KAAN vs F-35 vs Su-57: Where Türkiye’s Fifth-Generation Fighter Stands

KAAN vs F-35 vs Su-57: Where Türkiye’s Fifth-Generation Fighter Stands
After Türkiye was removed from the F-35 programme in 2019, the KAAN (formerly TF-X) became more than a national project — it became the test of whether a country outside the U.S. and Russia could deliver a fifth-generation fighter. Here is how it compares to the F-35 Lightning II and the Su-57 Felon today.
Programme Maturity
This is the single biggest gap. The F-35 has over 1,000 airframes delivered to 17 operators.

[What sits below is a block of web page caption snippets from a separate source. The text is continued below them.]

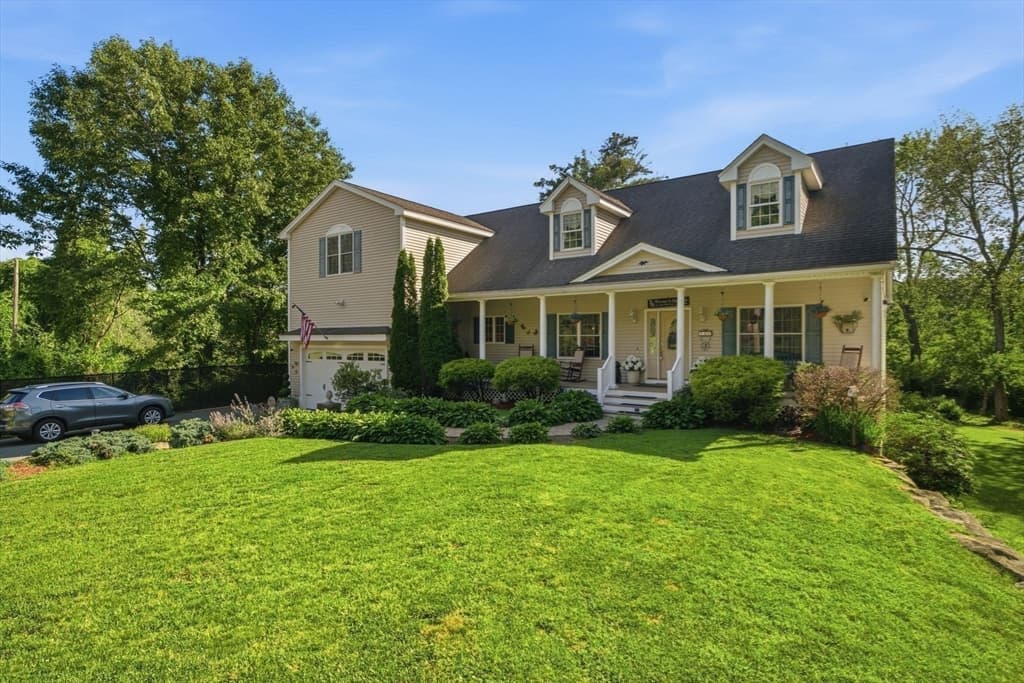 Single Family Residence at 33 Park Terrace, Dracut MA 01826, photo 5 of 42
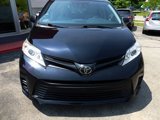 Used 2019 Toyota Sienna L image 2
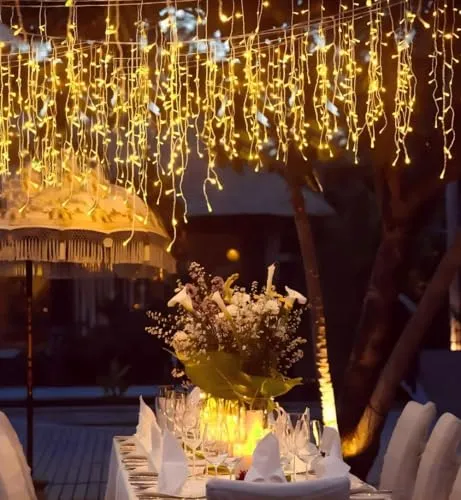 Quntis Erweiterbar 144 LED 4m×0,6m Lichtervorhang Eisregen Außen, IP44 Lichterkettenvorhang Warmweiß, Weihnachtsdeko Innen Fenster, Eiszapfen Regenlichterkette, Weihnachtsbeleuchtung Balkon Terrase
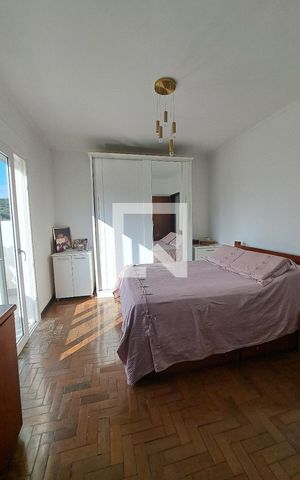 Casa à venda com 315m², 3 quartos e 2 vagas Casa à venda com 315m², 3 quartos e 2 vagasQuarto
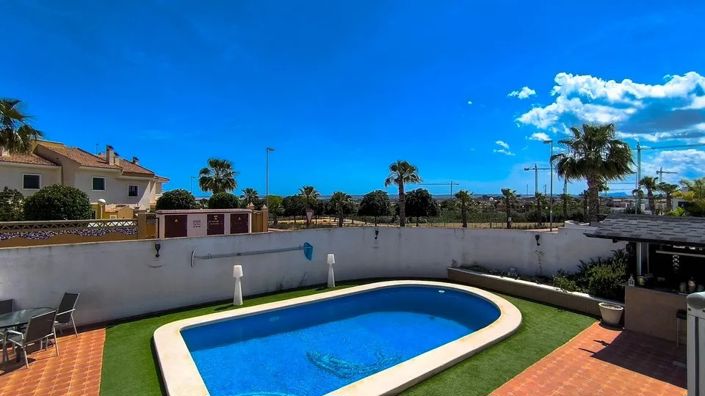 Image No.36-3 Bed Villa for sale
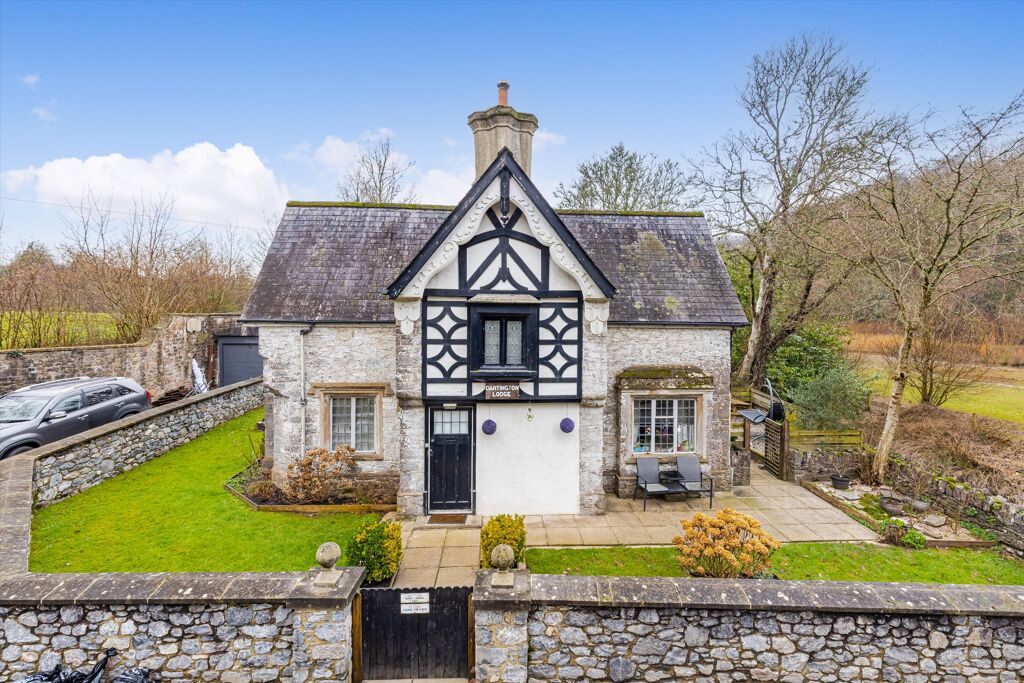 Image of Dartington Lodge, Dartington Lane, Dartington, Totnes, Devon, TQ9 6EA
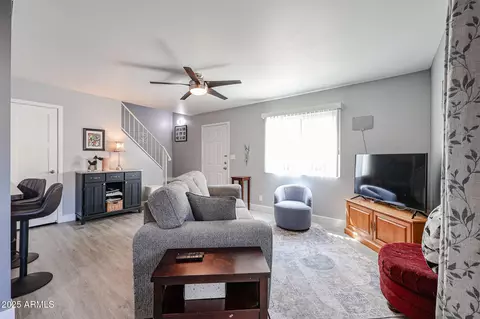 Living - 1225 E Lawrence Ln, Phoenix, AZ 85020 photo 2 of 3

The Su-57 has roughly two dozen serial aircraft in Russian service. KAAN flew its maiden flight in February 2024 and remains in early flight test, with serial production targeted for the late 2020s.
| Parameter | KAAN | F-35A | Su-57 |
|---|---|---|---|
| Origin | Türkiye (TUSAŞ) | United States | Russia |
| First flight | 2024 | 2006 | 2010 |
| In service | 2028 (planned) | 2016 | 2020 |
| Engines | 2 × F110 (interim) | 1 × F135 | 2 × AL-41F1 / Izd-30 |
| Max speed | Mach 1.8+ (target) | Mach 1.6 | Mach 2 |
| Combat radius | ~1,100 km (target) | ~1,200 km | ~1,500 km |
| Internal weapons | Planned | Yes | Yes |
| AESA radar | MURAD (ASELSAN) | AN/APG-81 | N036 Byelka |
| Export status | MoU with Indonesia, talks ongoing | 17 operators | Algeria order, limited |
The F-35 Is The Benchmark — And The Bottleneck
The F-35 is the only fifth-generation fighter with a mature production line, mature sensor fusion and a global sustainment network. Lockheed Martin and the U.S. government control who gets one — and Türkiye, Saudi Arabia, the UAE and Egypt have all run into that wall at different points.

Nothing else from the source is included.